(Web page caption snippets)
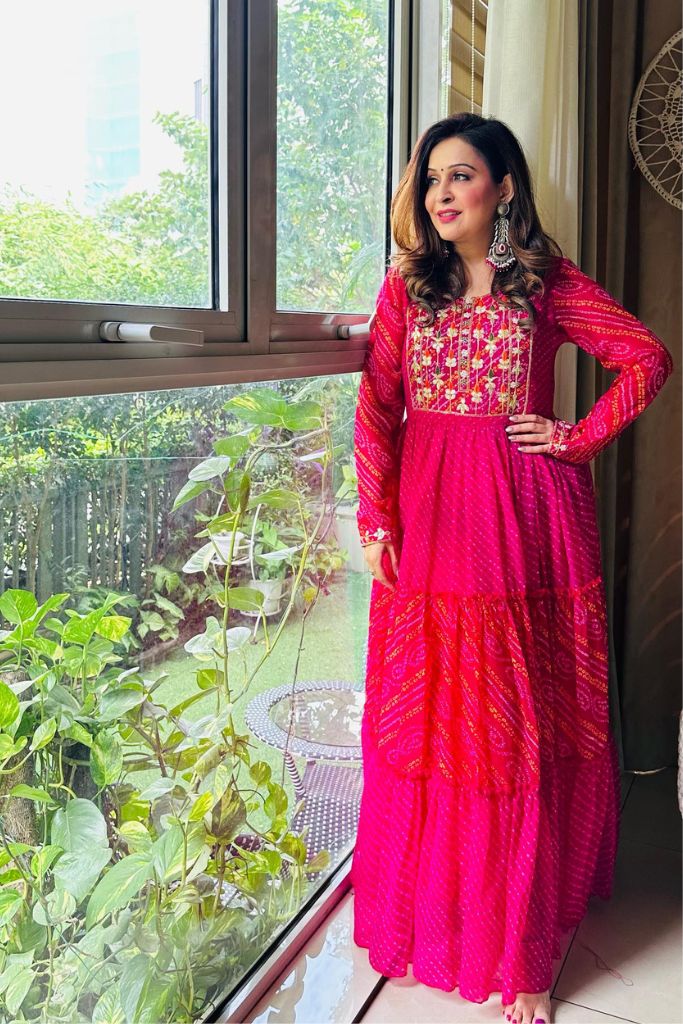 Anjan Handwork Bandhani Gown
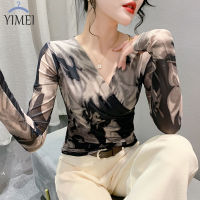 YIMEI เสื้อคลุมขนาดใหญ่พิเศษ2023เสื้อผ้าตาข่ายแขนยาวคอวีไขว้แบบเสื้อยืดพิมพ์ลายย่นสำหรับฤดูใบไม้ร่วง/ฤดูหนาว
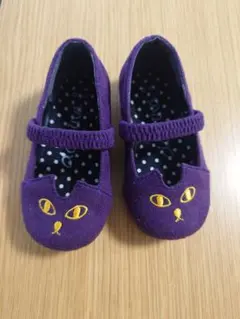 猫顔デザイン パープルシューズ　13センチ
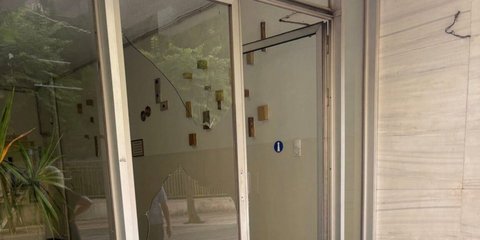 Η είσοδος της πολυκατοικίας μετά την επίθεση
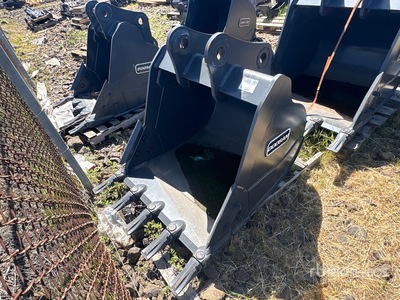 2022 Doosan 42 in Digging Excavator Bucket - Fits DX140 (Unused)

• _Work task_:
Each line of the data above is to be output exactly; the pictures are not to appear.

• _Solution to the exercise_:
 Anjan Handwork Bandhani Gown
 YIMEI เสื้อคลุมขนาดใหญ่พิเศษ2023เสื้อผ้าตาข่ายแขนยาวคอวีไขว้แบบเสื้อยืดพิมพ์ลายย่นสำหรับฤดูใบไม้ร่วง/ฤดูหนาว
 猫顔デザイン パープルシューズ　13センチ
 Η είσοδος της πολυκατοικίας μετά την επίθεση
 2022 Doosan 42 in Digging Excavator Bucket - Fits DX140 (Unused)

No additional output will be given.